Em outubro de 2024, Vieira e Florit conheceram in loco a realidade vivida pela população local. “A formulação dos objetivos da pesquisa não podia ser unilateral de nosso lado, pesquisadores do sul do Brasil, para falar da realidade da Amazônia. Esse é um assunto bastante delicado no Brasil. O que costuma acontecer é que se colocam olhares externos para dizer o que deve acontecer lá e quais são os problemas. Isso acontece, inclusive, no campo científico, lamentavelmente. Nós não queríamos incorrer nisso. Nesse sentido, essa visita foi fundamental para nós”, explica o orientador do estudo.
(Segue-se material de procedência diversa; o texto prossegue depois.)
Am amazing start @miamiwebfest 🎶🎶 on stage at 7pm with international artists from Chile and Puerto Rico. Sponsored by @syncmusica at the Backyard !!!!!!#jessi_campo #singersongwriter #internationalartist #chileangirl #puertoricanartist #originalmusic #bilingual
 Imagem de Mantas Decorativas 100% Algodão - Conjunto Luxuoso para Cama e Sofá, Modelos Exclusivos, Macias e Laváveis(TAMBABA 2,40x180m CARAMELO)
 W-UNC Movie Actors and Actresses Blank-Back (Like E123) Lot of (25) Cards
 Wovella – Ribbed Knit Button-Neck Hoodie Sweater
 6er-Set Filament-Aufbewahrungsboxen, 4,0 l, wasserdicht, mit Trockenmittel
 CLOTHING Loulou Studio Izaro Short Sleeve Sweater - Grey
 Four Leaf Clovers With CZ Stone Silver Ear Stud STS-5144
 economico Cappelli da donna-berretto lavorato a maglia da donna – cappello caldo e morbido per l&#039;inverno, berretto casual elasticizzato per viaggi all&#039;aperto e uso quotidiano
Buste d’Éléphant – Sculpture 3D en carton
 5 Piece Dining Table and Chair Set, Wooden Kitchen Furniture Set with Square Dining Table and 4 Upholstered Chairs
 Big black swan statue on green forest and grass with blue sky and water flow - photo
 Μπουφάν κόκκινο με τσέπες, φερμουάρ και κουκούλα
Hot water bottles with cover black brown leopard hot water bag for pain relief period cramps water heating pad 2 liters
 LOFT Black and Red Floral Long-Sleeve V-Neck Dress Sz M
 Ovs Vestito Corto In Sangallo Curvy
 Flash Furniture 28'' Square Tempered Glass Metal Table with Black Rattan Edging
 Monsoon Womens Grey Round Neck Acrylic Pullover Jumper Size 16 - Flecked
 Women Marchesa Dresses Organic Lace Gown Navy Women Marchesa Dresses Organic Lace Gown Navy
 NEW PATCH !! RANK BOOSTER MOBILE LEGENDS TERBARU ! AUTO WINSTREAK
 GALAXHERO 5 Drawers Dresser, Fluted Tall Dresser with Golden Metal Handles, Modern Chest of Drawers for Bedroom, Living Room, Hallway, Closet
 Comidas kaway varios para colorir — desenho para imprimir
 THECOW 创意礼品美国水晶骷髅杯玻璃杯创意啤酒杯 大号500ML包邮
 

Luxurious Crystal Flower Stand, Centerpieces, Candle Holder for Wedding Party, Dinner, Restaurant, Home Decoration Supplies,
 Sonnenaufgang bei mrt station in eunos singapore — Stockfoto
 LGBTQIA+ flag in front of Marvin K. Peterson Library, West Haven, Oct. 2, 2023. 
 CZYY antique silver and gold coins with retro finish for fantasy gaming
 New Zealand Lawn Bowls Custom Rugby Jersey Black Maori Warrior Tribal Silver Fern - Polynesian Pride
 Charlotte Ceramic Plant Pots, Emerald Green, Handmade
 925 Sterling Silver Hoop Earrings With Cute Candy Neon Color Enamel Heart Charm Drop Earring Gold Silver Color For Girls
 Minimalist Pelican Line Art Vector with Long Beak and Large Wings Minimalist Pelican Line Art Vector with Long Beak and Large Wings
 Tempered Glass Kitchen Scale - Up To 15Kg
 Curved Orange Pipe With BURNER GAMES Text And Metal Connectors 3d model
Durante a visita, os pesquisadores conversaram com a população local e pesquisadores da região para compreender a abrangência dos impactos gerados pela obra. A pesquisa faz parte do projeto “Cadeias Produtivas dos Povos das Águas e da Floresta: Fomento e Catalogação Coparticipativa”, realizado no âmbito da iniciativa nacional Amazônia +10, que articula instituições de ensino e pesquisa em torno de temas estratégicos para o desenvolvimento sustentável da Amazônia Legal.
Florit avalia que o processo implantação do empreendimento reflete um padrão histórico de ocupação e exploração do território amazônico e destaca que as populações que habitavam a região promoviam impactos positivos sobre o desenvolvimento sustentável da região. “Tem o aspecto da convivência para o rio, da atividade econômica, da produção de alimentos e também do que a gente chama de externalidades positivas. Ou seja, eles não apenas estão fazendo algo que não traz problemas a outros, eles estão fazendo coisas que trazem benefícios a outros. Considerando a questão ambiental, eles não são parte do problema, eles são parte da solução. E esse tipo de vida ficou inviabilizada”, ressalta.